Desde junho, mais de 20.000 suínos na Estônia foram abatidos devido ao ressurgimento de surtos de Peste Suína Africana (PSA). A doença, que é altamente contagiosa para suínos domésticos e javalis, tem gerado graves consequências para o setor suinícola e as comunidades rurais do país.

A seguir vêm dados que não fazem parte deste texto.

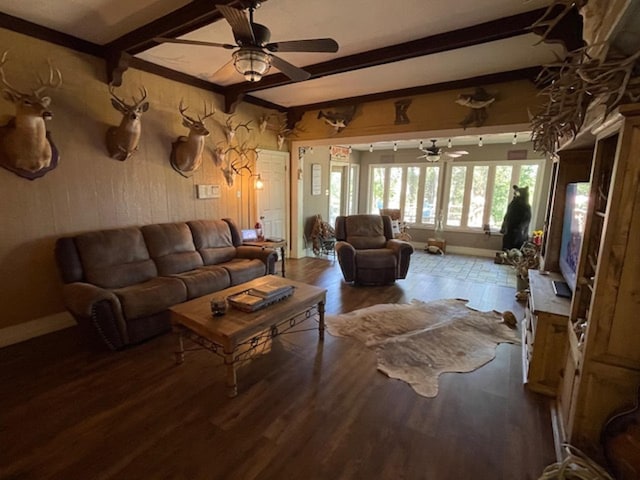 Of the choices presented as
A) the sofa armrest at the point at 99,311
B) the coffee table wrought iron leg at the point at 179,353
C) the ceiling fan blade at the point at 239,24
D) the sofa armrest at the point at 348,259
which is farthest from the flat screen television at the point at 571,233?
the sofa armrest at the point at 99,311

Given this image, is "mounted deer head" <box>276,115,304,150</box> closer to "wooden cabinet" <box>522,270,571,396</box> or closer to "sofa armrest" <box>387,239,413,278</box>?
"sofa armrest" <box>387,239,413,278</box>

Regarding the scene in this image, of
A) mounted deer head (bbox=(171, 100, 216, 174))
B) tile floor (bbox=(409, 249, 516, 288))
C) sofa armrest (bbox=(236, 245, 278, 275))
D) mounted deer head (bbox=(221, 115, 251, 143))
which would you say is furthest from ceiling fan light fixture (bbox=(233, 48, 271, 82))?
tile floor (bbox=(409, 249, 516, 288))

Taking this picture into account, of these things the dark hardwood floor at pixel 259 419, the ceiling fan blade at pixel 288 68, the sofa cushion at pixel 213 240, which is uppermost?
the ceiling fan blade at pixel 288 68

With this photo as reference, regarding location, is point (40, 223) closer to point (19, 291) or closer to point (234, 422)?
point (19, 291)

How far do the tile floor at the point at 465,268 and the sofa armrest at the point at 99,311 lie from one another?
4.44 meters

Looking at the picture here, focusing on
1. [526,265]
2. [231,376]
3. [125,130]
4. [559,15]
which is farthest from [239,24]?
[526,265]

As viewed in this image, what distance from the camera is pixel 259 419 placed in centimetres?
196

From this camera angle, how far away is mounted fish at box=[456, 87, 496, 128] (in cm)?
387

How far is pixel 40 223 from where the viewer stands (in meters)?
2.94

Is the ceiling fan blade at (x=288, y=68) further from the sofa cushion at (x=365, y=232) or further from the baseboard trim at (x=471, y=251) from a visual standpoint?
the baseboard trim at (x=471, y=251)

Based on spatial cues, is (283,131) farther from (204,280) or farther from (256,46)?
(256,46)

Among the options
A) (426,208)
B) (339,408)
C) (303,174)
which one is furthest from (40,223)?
(426,208)

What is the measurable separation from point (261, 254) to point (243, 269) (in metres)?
0.42

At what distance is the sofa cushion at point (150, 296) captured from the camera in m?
2.69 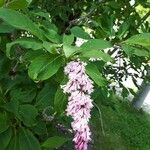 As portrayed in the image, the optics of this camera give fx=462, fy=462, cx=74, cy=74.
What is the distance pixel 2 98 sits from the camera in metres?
2.10

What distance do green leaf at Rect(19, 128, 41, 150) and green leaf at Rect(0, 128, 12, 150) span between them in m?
0.05

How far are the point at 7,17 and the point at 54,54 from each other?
20 centimetres

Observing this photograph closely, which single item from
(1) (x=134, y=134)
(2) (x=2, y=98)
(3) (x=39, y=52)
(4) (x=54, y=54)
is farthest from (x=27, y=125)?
(1) (x=134, y=134)

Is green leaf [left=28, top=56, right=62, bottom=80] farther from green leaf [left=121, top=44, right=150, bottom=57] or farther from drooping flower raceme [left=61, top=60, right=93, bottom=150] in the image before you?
green leaf [left=121, top=44, right=150, bottom=57]

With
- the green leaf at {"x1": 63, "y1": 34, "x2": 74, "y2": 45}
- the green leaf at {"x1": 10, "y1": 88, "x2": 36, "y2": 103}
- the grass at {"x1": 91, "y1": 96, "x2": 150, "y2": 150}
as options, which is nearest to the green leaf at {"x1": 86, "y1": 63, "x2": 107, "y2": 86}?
the green leaf at {"x1": 63, "y1": 34, "x2": 74, "y2": 45}

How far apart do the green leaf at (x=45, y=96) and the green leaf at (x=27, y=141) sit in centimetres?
14

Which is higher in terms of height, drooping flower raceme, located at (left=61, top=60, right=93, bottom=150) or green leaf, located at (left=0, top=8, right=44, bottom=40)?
green leaf, located at (left=0, top=8, right=44, bottom=40)

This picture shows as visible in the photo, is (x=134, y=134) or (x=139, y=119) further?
(x=139, y=119)

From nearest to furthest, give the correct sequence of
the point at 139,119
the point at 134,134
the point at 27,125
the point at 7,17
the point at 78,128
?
the point at 78,128 → the point at 7,17 → the point at 27,125 → the point at 134,134 → the point at 139,119

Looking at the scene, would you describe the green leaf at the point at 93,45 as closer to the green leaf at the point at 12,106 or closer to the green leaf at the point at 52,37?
the green leaf at the point at 52,37

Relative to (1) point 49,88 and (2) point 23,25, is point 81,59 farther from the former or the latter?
(1) point 49,88

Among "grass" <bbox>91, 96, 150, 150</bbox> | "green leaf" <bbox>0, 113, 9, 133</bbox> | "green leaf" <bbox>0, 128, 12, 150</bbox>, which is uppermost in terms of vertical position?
→ "green leaf" <bbox>0, 113, 9, 133</bbox>

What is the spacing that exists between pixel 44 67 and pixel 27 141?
67 cm

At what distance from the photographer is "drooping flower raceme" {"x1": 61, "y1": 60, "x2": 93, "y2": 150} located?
1410mm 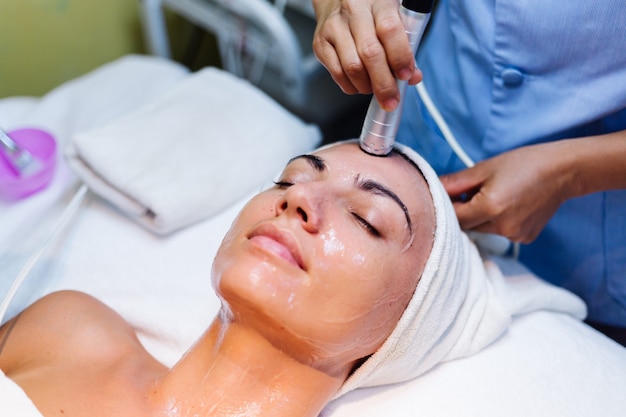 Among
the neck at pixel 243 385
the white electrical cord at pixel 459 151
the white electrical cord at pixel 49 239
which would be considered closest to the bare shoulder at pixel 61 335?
the white electrical cord at pixel 49 239

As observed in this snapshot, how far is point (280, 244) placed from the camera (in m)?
0.81

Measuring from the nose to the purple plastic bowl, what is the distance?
2.37 ft

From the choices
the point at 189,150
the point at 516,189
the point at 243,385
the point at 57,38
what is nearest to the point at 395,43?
the point at 516,189

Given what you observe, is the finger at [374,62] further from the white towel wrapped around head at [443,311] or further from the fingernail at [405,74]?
the white towel wrapped around head at [443,311]

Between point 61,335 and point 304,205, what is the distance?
51 centimetres

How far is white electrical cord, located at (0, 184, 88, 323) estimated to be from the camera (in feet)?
3.27

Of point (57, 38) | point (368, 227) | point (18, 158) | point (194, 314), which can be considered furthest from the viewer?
point (57, 38)

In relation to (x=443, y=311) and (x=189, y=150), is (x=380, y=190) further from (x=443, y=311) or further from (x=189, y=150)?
(x=189, y=150)

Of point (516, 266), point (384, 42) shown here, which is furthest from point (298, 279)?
point (516, 266)

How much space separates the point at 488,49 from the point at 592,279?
1.81 feet

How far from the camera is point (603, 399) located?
0.99 m

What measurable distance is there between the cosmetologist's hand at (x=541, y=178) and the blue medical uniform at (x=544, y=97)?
0.25ft

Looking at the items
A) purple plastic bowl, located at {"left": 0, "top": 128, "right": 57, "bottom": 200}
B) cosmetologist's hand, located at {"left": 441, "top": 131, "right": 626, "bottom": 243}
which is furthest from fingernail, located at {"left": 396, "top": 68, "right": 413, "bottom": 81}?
purple plastic bowl, located at {"left": 0, "top": 128, "right": 57, "bottom": 200}

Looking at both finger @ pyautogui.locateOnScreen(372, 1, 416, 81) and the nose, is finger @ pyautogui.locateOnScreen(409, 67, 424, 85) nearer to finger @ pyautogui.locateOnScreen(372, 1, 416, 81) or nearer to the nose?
finger @ pyautogui.locateOnScreen(372, 1, 416, 81) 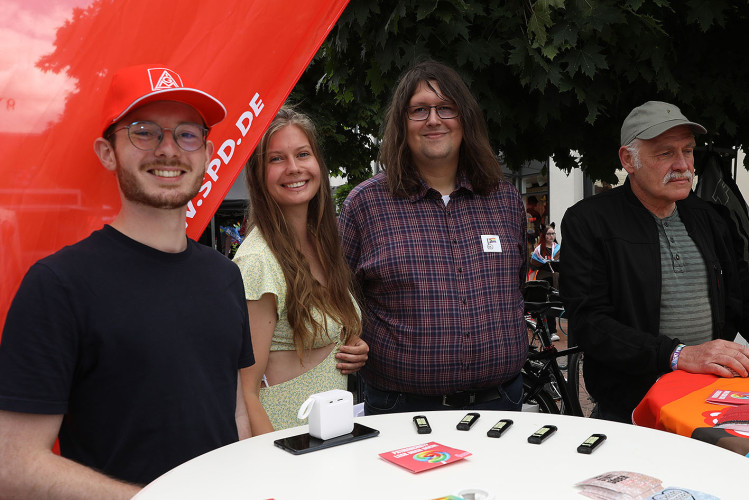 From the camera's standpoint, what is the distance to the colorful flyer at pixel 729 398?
7.45 ft

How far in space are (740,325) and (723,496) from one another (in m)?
2.12

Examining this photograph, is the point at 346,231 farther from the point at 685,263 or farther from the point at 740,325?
the point at 740,325

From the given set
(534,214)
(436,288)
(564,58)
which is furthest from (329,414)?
(534,214)

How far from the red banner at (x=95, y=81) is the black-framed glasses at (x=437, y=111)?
85 centimetres

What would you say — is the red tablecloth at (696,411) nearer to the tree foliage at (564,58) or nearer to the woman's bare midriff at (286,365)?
the woman's bare midriff at (286,365)

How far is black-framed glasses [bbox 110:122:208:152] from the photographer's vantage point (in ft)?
6.39

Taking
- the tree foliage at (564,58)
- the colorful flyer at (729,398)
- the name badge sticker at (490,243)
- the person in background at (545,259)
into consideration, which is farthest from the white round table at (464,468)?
the person in background at (545,259)

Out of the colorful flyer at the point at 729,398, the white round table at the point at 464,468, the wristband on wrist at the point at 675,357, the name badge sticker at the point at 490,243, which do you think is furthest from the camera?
the name badge sticker at the point at 490,243

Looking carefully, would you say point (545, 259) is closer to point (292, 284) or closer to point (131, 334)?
point (292, 284)

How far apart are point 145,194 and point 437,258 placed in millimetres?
1455

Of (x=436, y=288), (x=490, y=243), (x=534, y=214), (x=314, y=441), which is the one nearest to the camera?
(x=314, y=441)

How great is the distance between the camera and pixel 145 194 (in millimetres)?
1913

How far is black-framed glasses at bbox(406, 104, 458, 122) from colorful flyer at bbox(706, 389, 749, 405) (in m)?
1.64

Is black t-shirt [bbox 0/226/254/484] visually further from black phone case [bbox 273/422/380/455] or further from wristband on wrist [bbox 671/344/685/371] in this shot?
wristband on wrist [bbox 671/344/685/371]
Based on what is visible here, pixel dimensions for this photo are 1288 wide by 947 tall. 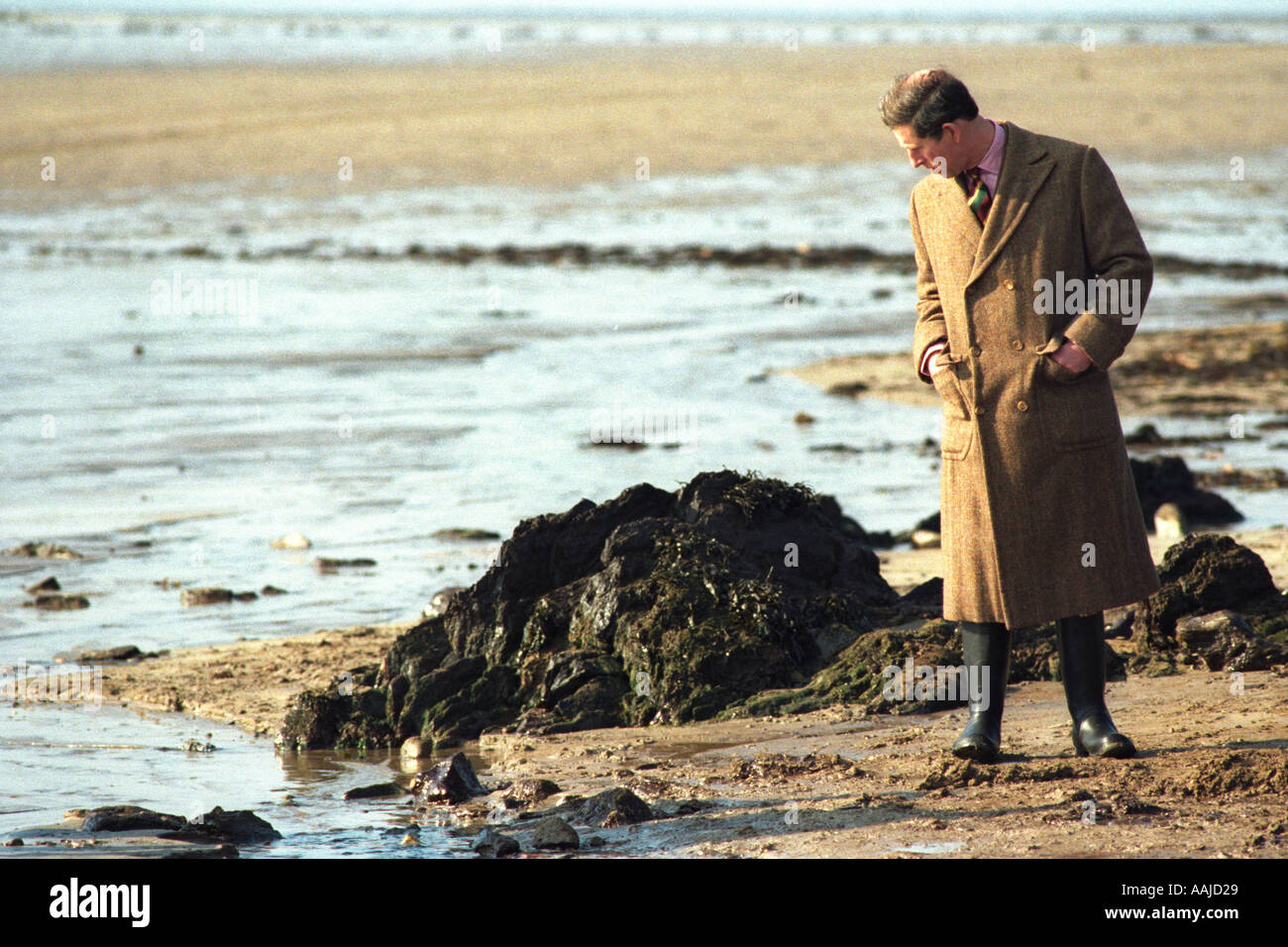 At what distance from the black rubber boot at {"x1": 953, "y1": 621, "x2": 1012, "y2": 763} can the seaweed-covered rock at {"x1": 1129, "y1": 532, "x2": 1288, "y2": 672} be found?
154 cm

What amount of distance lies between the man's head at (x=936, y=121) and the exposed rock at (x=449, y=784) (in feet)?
8.04

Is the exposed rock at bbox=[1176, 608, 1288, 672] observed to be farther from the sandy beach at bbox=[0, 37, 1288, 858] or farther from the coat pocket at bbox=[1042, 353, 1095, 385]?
the coat pocket at bbox=[1042, 353, 1095, 385]

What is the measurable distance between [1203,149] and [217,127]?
71.8 feet

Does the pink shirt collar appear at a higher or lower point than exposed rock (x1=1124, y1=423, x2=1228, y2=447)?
higher

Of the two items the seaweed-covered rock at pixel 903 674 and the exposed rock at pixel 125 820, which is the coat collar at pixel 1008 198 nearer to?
the seaweed-covered rock at pixel 903 674

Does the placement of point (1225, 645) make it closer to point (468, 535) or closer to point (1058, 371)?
point (1058, 371)

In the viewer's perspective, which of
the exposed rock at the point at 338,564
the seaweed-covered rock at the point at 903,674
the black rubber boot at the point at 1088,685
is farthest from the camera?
the exposed rock at the point at 338,564

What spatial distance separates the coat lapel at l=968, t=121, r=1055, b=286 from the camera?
193 inches

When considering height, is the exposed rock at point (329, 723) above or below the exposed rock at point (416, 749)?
above

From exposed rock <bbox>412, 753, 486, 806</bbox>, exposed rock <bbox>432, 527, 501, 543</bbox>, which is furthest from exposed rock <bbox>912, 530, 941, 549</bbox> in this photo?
exposed rock <bbox>412, 753, 486, 806</bbox>

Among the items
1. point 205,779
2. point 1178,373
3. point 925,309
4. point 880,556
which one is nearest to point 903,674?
point 925,309

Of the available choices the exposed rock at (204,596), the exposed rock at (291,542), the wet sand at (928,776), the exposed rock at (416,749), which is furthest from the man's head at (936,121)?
the exposed rock at (291,542)

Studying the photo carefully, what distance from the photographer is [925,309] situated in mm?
5199

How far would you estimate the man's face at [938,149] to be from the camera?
4879mm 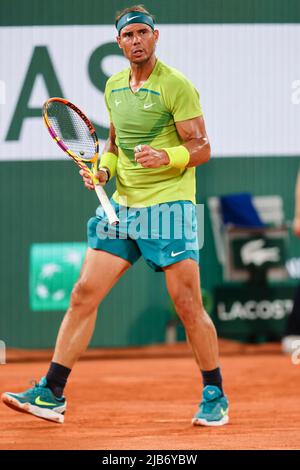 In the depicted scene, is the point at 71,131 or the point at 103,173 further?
the point at 71,131

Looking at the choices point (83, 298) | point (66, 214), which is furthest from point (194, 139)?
point (66, 214)

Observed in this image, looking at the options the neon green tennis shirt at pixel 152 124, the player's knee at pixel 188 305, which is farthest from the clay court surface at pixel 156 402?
the neon green tennis shirt at pixel 152 124

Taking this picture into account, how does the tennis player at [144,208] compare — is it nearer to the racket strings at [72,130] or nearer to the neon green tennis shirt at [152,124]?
the neon green tennis shirt at [152,124]

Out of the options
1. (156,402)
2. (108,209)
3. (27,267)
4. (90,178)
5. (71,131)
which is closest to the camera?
(108,209)

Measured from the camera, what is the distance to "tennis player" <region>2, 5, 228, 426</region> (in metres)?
4.52

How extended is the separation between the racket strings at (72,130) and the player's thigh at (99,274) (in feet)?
1.80

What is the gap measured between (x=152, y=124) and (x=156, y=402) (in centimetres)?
201

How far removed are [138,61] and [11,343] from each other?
5110 millimetres

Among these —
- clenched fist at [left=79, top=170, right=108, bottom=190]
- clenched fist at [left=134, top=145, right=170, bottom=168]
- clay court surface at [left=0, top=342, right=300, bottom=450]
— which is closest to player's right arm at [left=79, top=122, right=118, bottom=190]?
clenched fist at [left=79, top=170, right=108, bottom=190]

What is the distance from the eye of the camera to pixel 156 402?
19.1 ft

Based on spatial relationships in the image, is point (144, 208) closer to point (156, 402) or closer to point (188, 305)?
point (188, 305)

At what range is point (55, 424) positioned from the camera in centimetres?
480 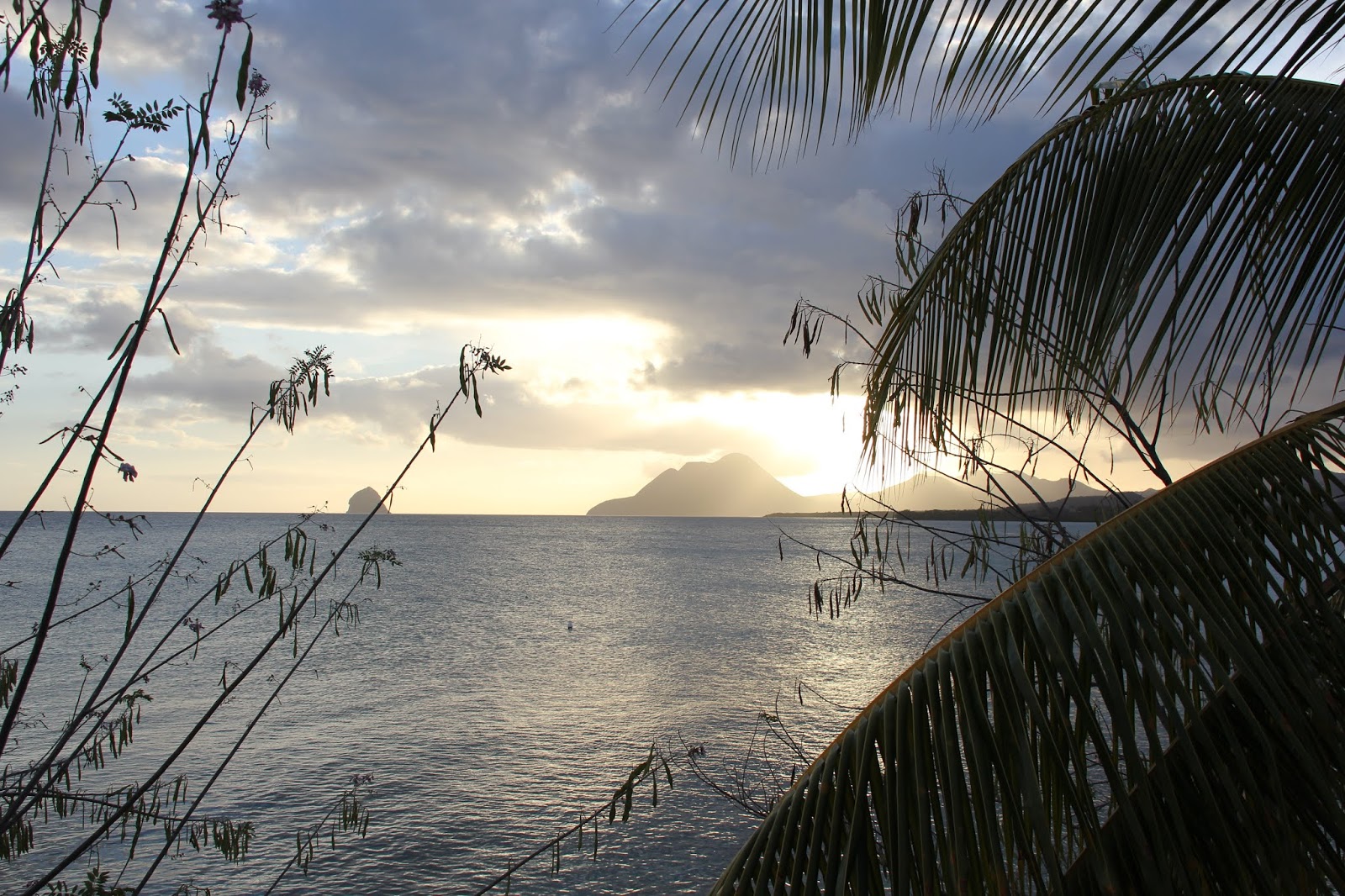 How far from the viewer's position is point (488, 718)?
22.1 metres

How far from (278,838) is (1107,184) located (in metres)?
15.5

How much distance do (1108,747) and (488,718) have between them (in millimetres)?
22372

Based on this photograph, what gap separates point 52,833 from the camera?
14.3 metres

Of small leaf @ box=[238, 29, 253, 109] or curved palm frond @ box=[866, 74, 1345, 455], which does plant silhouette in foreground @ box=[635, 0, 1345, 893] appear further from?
small leaf @ box=[238, 29, 253, 109]

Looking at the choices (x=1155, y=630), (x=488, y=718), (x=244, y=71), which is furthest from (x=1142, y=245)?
(x=488, y=718)

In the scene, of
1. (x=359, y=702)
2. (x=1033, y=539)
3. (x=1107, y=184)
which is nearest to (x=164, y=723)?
(x=359, y=702)

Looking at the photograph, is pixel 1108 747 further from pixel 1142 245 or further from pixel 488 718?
pixel 488 718

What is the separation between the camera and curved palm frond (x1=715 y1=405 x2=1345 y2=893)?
124 cm

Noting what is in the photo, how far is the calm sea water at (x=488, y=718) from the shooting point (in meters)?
13.5

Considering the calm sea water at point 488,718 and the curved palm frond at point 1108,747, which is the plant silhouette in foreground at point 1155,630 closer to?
the curved palm frond at point 1108,747

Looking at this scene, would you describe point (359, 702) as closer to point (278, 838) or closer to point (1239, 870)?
point (278, 838)

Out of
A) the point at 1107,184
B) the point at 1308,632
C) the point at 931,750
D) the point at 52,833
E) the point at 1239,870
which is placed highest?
the point at 1107,184

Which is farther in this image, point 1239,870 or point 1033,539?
point 1033,539

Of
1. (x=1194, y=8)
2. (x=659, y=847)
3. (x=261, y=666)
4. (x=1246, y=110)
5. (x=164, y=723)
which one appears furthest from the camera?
(x=261, y=666) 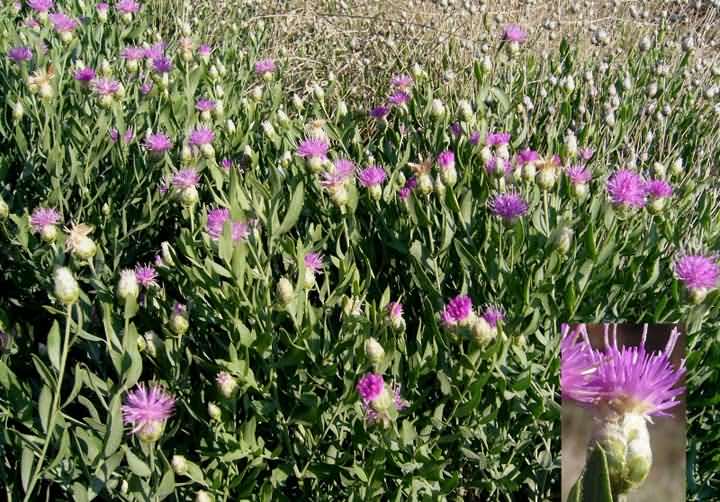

A PSA chegou à Estônia em 2014 e, embora a ilha de Hiiumaa tenha permanecido livre da doença, o vírus se espalhou pelo resto do país, afetando a produção doméstica a partir de 2015. Este ano, pelo menos sete surtos de PSA foram confirmados, com a disseminação sendo alimentada por uma população persistente de javalis que transporta o vírus e por “saltos” ocasionais ligados à atividade humana, como a movimentação de equipamentos ou veículos contaminados.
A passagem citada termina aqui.